DATA SECTION:
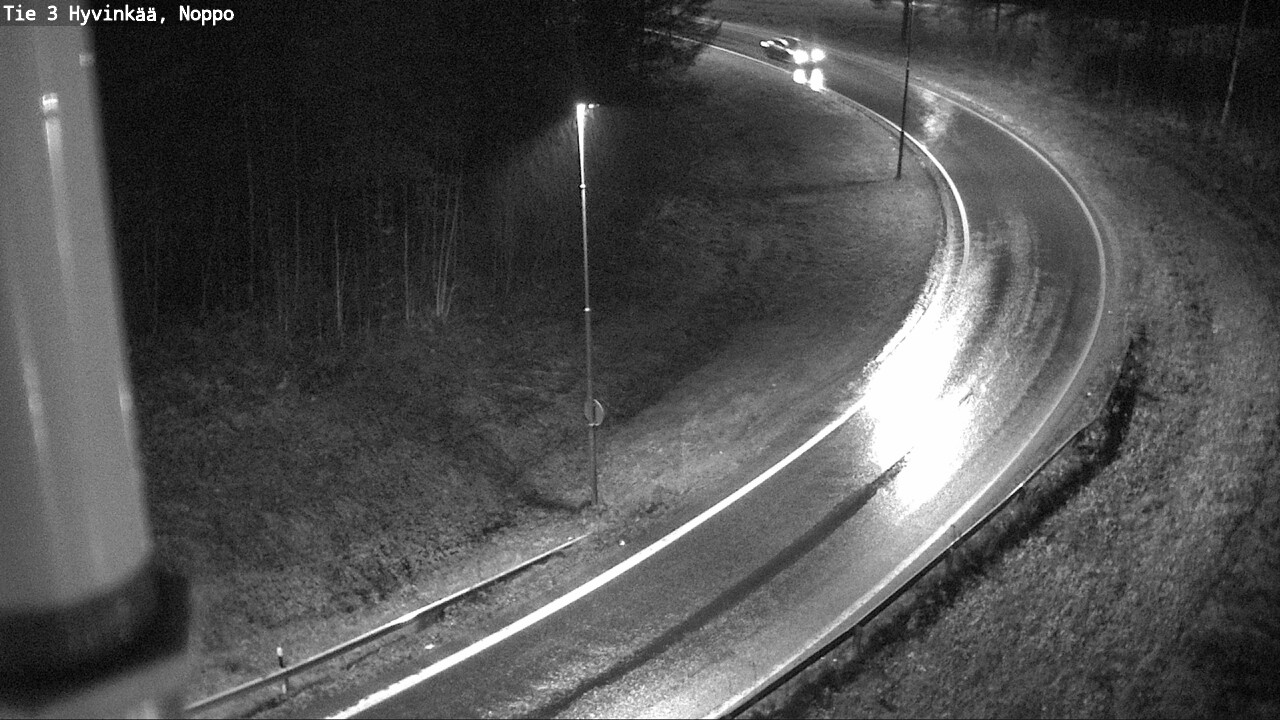 Kelikamerat Kuva Tie 3 Hyvinkää, Noppo, Hyvinkää, Uusimaa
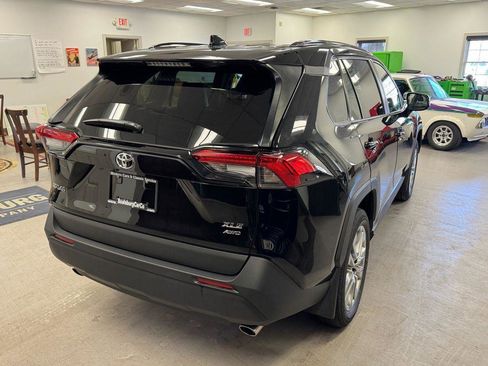 Used 2025 Toyota RAV4 XLE Premium w/ Weather Package image 26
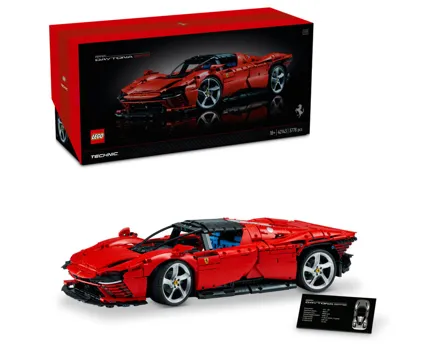 Lego® Technic 42143 Ferrari Daytona SP3 18+ Jahre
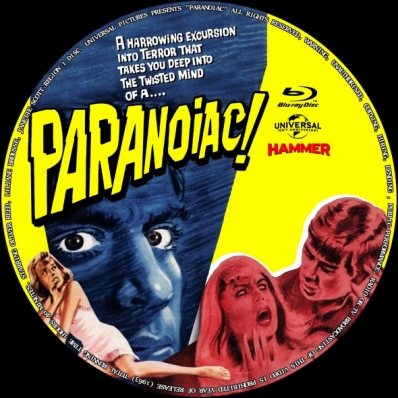 Paranoiac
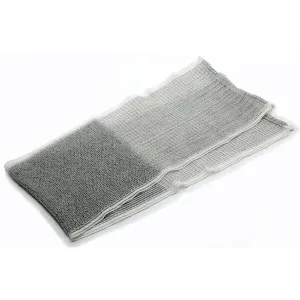 Binchotan Charcoal Body Scrub Towel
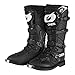 Produktbild O'NEAL | Motocross-Stiefel | Enduro Motorrad | Komfort durch Air-Mesh-Innenleben, vier Verschlussschnallen, hochwertiges Synthetik-Material | Boots Rider Pro | Erwachsene | Schwarz | Größe 42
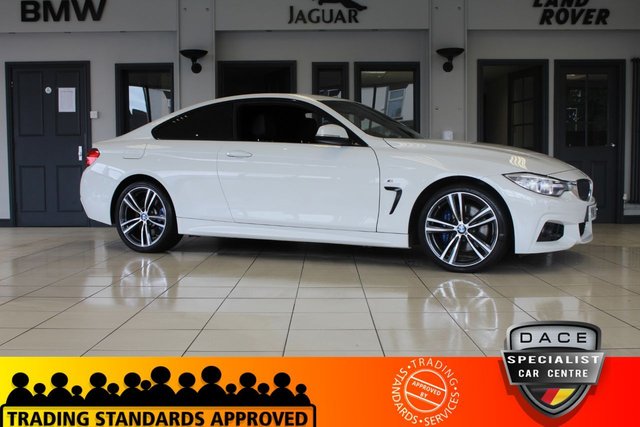View our BMW 4 SERIES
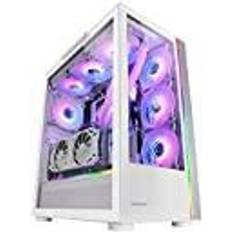 Gaming kabinet rgb Mars Gaming Semi-tårn kasse MCULTRA XXL Premium RGB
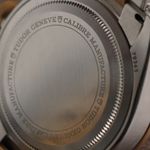 Tudor Black Bay Chrono 79363N (2023) - Black dial 41 mm Gold/Steel case (8/8)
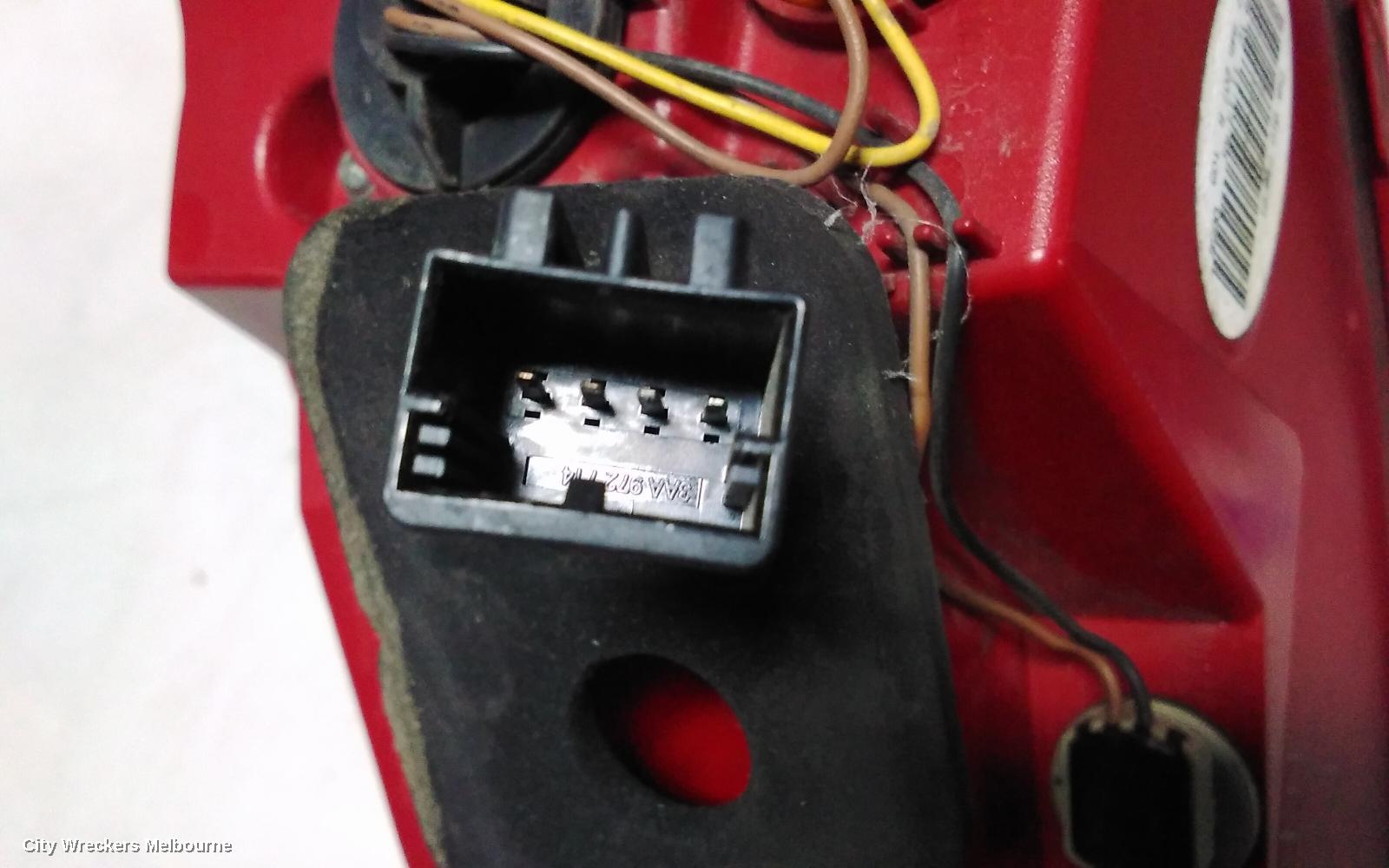 VOLKSWAGEN PASSAT LEFT TAILLIGHT, 3C/MK6 B7, ALLTRACK/WAGON, NON LED TYPE, 09/2010 - 05/2015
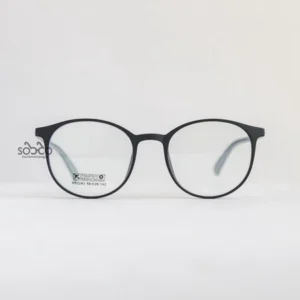 Frame Kacamata Semi Bulat CARAKA 01 Unisex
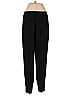 Banana Republic Solid Black Dress Pants Size 4 - photo 2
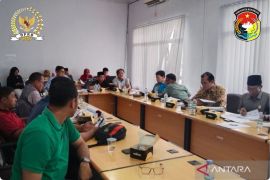 DPRD Mukomuko gelar pembahasan lanjutan APBD Perubahan 2025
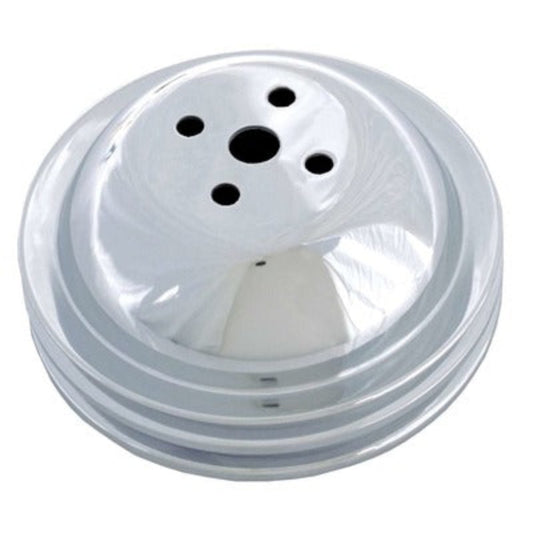 Trans-Dapt BBC Water Pump Pulley 9815 396-454 Big Block Chevy 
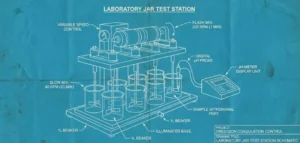 Jar Test Spesial: Mencari Titik Endap Nikel dan Seng (Zn)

EXERCISE REQUIREMENTS: Locate "VOLKSWAGEN PASSAT LEFT" in the entries above. Copy, exactly and only, the lines from that line to the end, leaving out the pictures.

OUTPUT OF THE TASK:
 VOLKSWAGEN PASSAT LEFT TAILLIGHT, 3C/MK6 B7, ALLTRACK/WAGON, NON LED TYPE, 09/2010 - 05/2015
 Frame Kacamata Semi Bulat CARAKA 01 Unisex
 Banana Republic Solid Black Dress Pants Size 4 - photo 2
 DPRD Mukomuko gelar pembahasan lanjutan APBD Perubahan 2025
 Trans-Dapt BBC Water Pump Pulley 9815 396-454 Big Block Chevy 
 Jar Test Spesial: Mencari Titik Endap Nikel dan Seng (Zn)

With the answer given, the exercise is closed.